Using Apple's Accelerate framework, FFT, Hann windowing and Overlapping

I'm trying to setup FFT for a project and really didn't get a clear picture on things... Basically, I am using Audio Units to get the data from the device's microphone. I then want to do FFT on that data. This is what I understand so far: I need to setup a circular buffer for my data. On each filled buffer, I apply a Hann window then do an FFT. However, I still need some help on overlapping. To get more precise results, I understand I need to use this expecially since I am using windowing. However, I can't find anything on this... Here's what I have so far (used for pitch detection):

// Setup -------------  
UInt32 log2N          = 10; // 1024 samples  
UInt32 N              = (1 << log2N);  
FFTSetup FFTSettings  = vDSP_create_fftsetup(log2N, kFFTRadix2);  
FFTData.realp         = (float *) malloc(sizeof(float) * N/2);  
FFTData.imagp         = (float *) malloc(sizeof(float) * N/2);  
float * hannWindow = (float *) malloc(sizeof(float) * N);  

// create an array of floats to represent a hann window  
vDSP_hann_window(hannWindow, N, 0);

// FFT Time ----------  
// Moving data from A to B via hann window  
vDSP_vmul(A, 1, hannWindow, 1, B, 1, N);                                 

// Converting data in B into split complex form  
vDSP_ctoz((COMPLEX *) B, 2, &FFTData, 1, N/2);  

// Doing the FFT  
vDSP_fft_zrip(FFTSettings, &FFTData, 1, log2N, kFFTDirection_Forward);   

// calculating square of magnitude for each value  
vDSP_zvmags(&FFTData, 1, FFTData.realp, 1, N/2);  

// Inverse FFT  
vDSP_fft_zrip(FFTSettings, &FFTData, 1, log2N, kFFTDirection_Inverse);  

// Storing the autocorrelation results in B  
vDSP_ztoc(&FFTData, 1, (COMPLEX *)B, 2, N/2);  

vDSP_Length lastZeroCrosssing;  
vDSP_Length zeroCrossingCount;  
vDSP_nzcros(B, 1, N, &lastZeroCrossing, &zeroCrossingCount, N);  

// Cleanup -----------  

So where and how would I include overlapping?

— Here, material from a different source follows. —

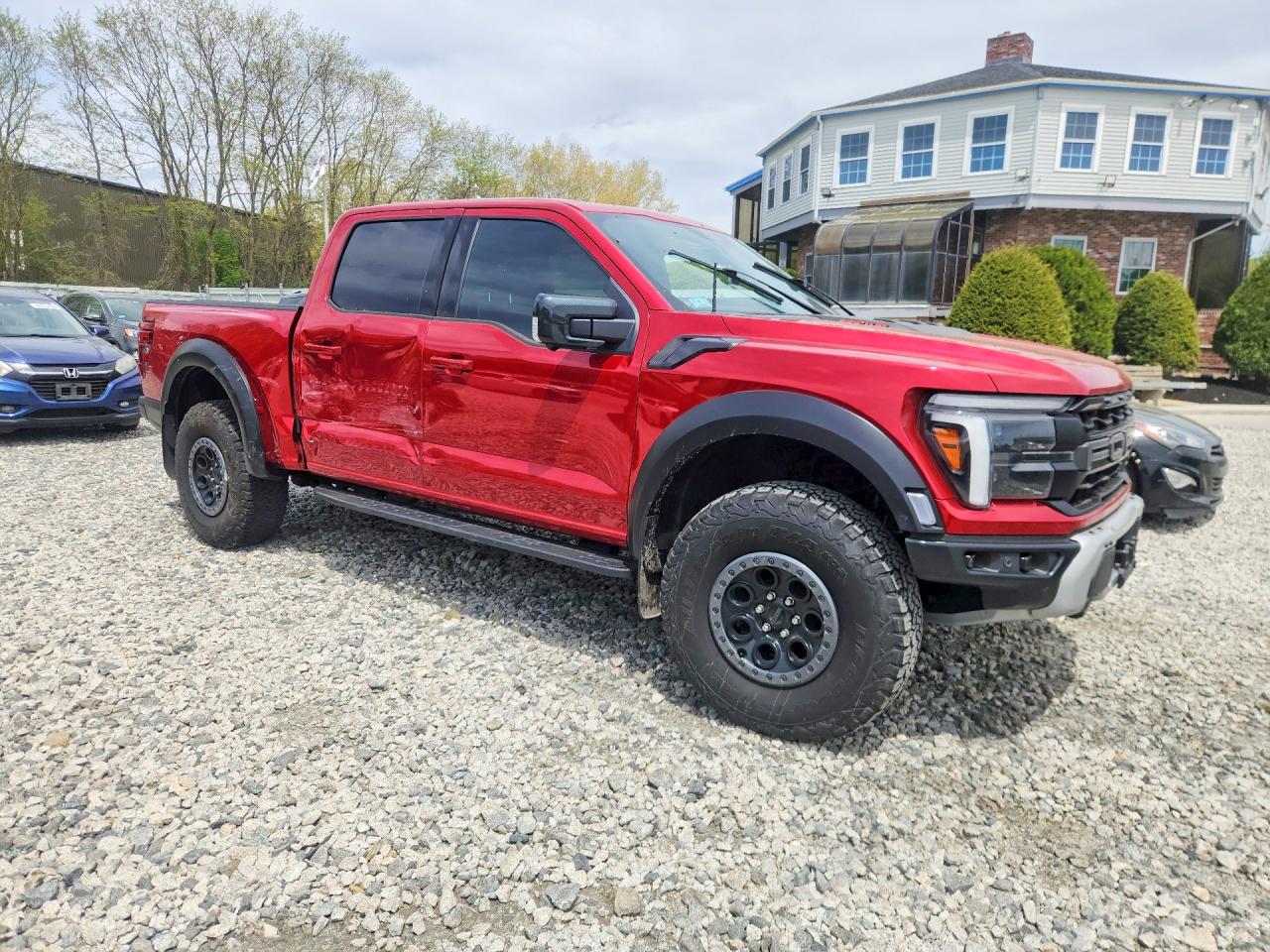 2024 Ford F150 Raptor Red vin: 1FTFW1RG1RFA31024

Also, any code snippets would be more then welcome. Thanks


The final goal for this project is to do a fingerprinting of the audio, as close to real-time as possible so I need the results as accurate as possible - thus the overlapping. For this purpose I think I could actually drop all the part from inverse to cleanup.


  • You don't actually need to overlap - typically frames are overlapped to give higher resolution in the time axis, e.g. for plotting spectrograms or for estimating note onset times. You could just get your code working without overlapping for now, as it's less complicated, and then decide whether you need higher resolution on the time axis later.

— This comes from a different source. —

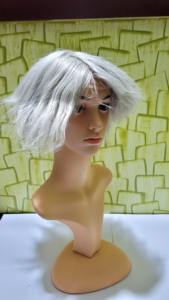 Pelucas de estilo ondulado del Cuerpo europeo para hombres, sistemas de reemplazo de tupé de cabello humano Remy NPU con base de seda Mono, recto rizado - Product Image 4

    If you decide you do want to add overlapping then you will need to save a chunk of the previous buffer (e.g. 50%) and then for each new buffer you will process two complete buffers as follows:

    • process last 50% of old buffer + first 50% of new buffer
    • process 100% of new buffer
    • save last 50% of new buffer for next iteration

    For different overlap percentages a similar logic applies.

    Note that increasing overlap beyond a certain point can become counterproductive as the required processing bandwidth increases greatly with little gain in resolution.